## EXERCISE DESCRIPTION
In the listing below, the answer starts at the line that has "Обои деревья, молния, поле, гроза, trees, lightning, field, the" and stops after the line that has "蔓丛苇鹪鹩 / Canebrake"; please repeat that part exactly and nothing more.
[Opening RECORDS PROVIDED section]
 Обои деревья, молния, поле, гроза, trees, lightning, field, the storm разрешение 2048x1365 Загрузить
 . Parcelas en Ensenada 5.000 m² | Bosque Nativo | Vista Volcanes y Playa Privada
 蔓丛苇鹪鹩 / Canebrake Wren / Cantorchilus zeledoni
[Closing RECORDS PROVIDED section]
[Opening RECORDS PROVIDED section]
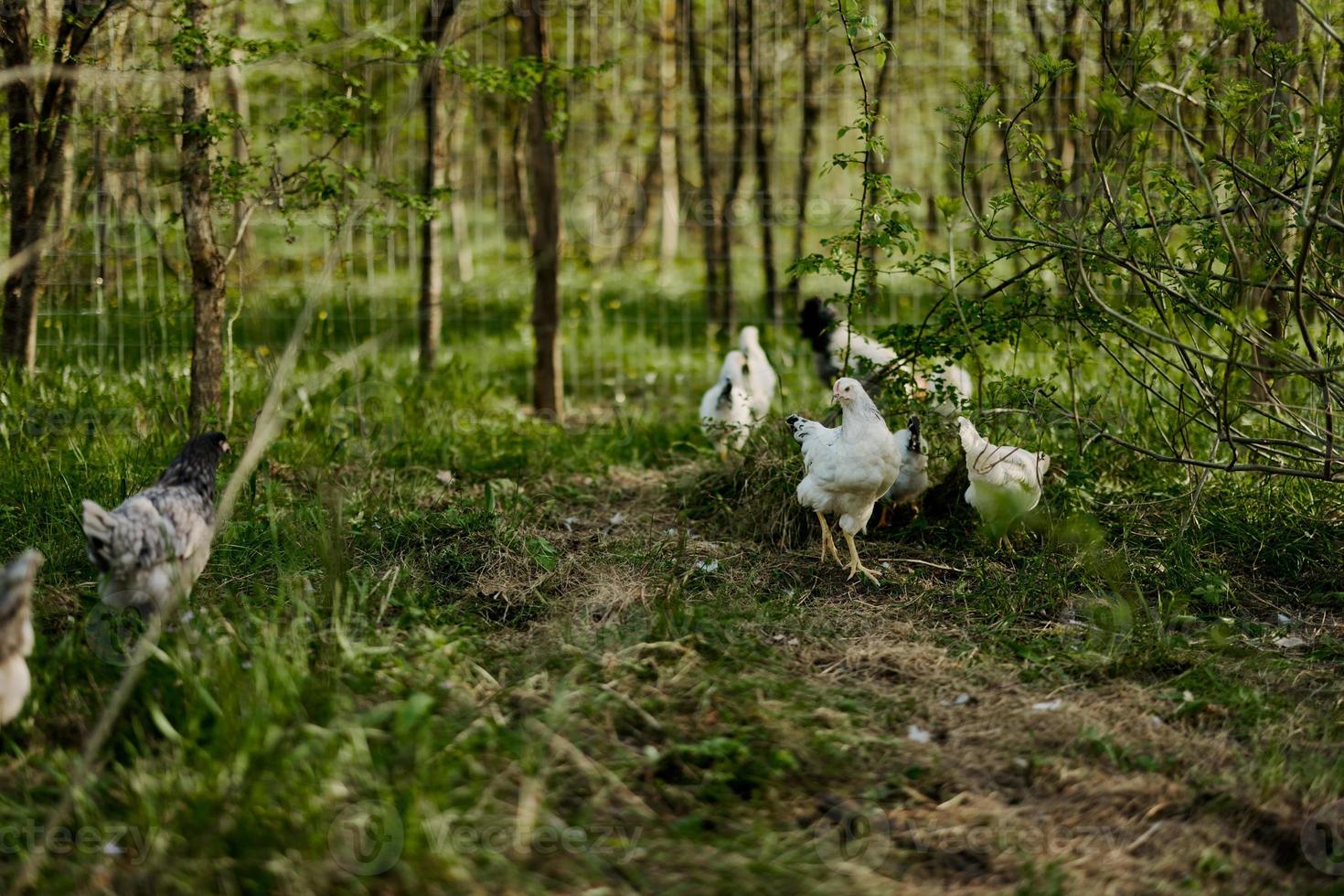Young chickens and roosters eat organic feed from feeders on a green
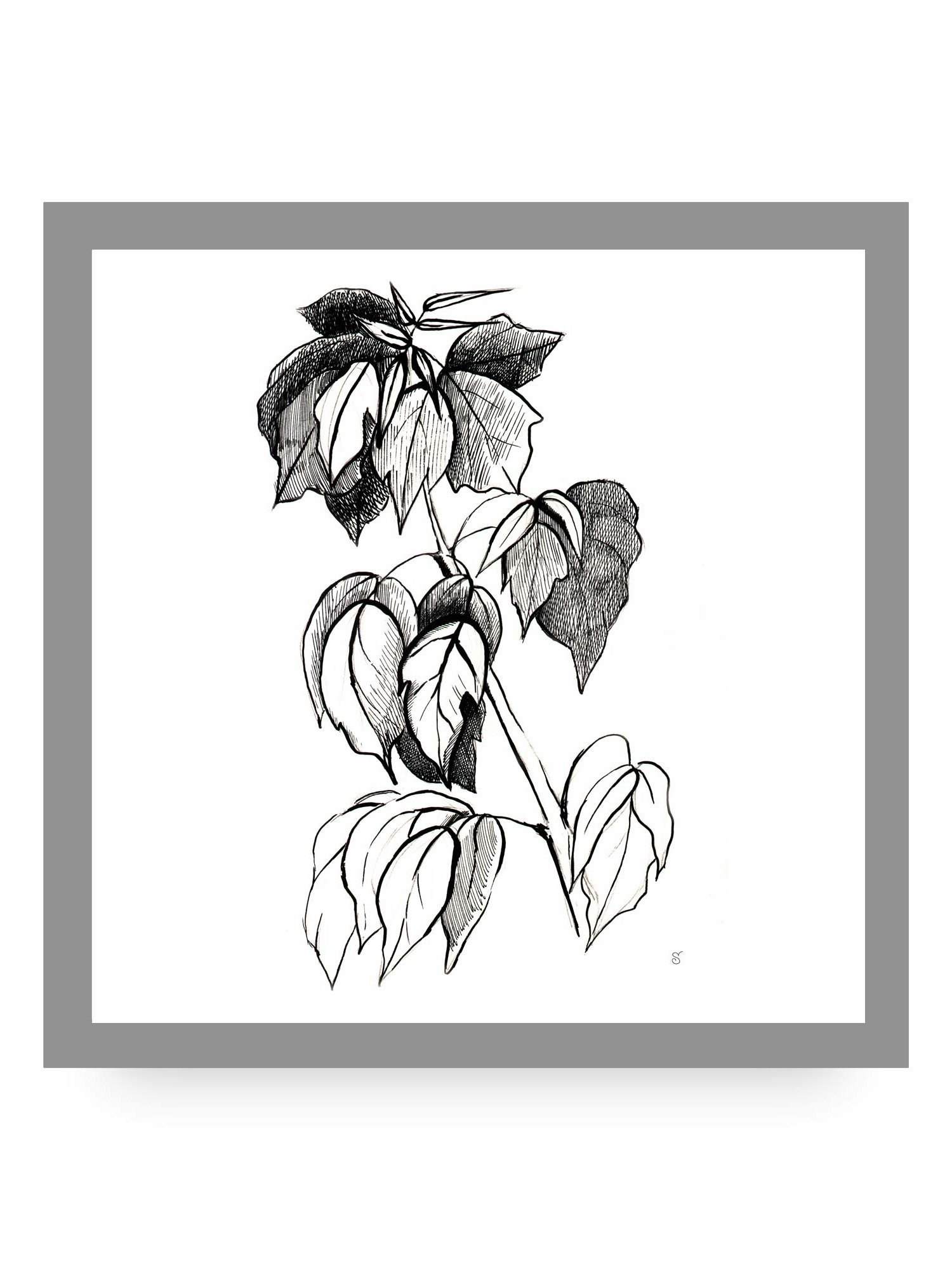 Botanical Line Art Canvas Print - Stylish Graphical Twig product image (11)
[Closing RECORDS PROVIDED section]
[Opening RECORDS PROVIDED section]
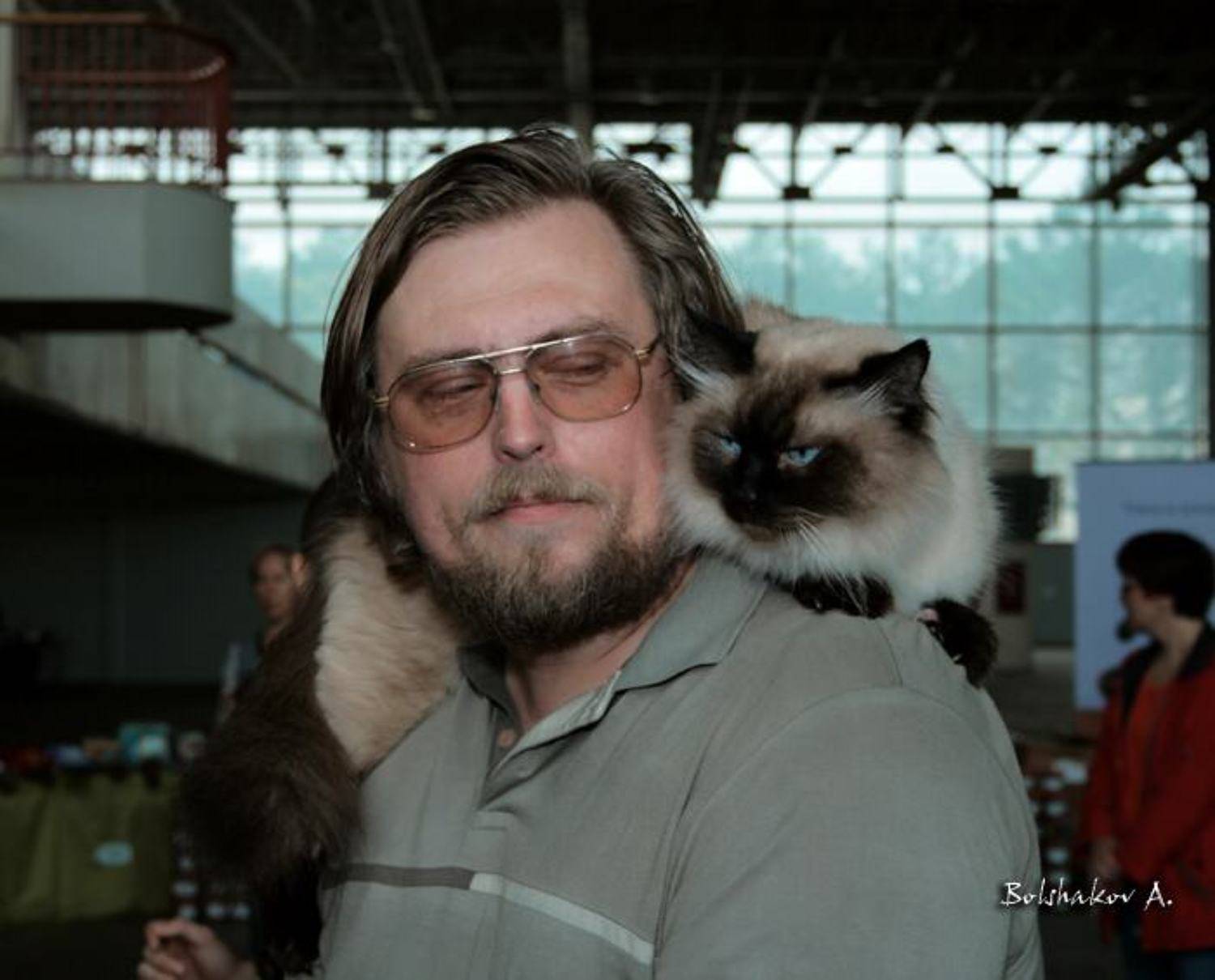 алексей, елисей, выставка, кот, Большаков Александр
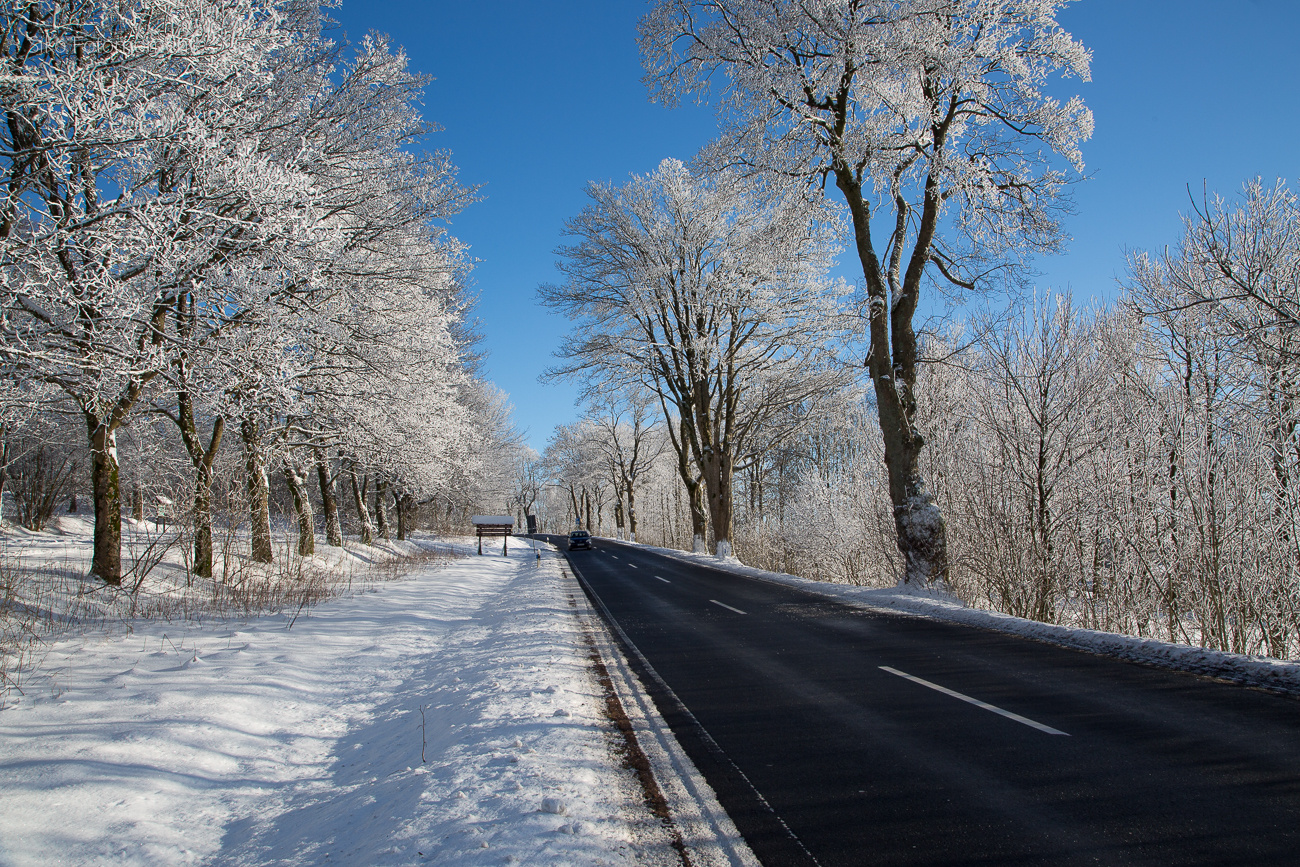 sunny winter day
[Closing RECORDS PROVIDED section]
## RESULT OF THE TASK
 Обои деревья, молния, поле, гроза, trees, lightning, field, the storm разрешение 2048x1365 Загрузить
 . Parcelas en Ensenada 5.000 m² | Bosque Nativo | Vista Volcanes y Playa Privada
 蔓丛苇鹪鹩 / Canebrake Wren / Cantorchilus zeledoni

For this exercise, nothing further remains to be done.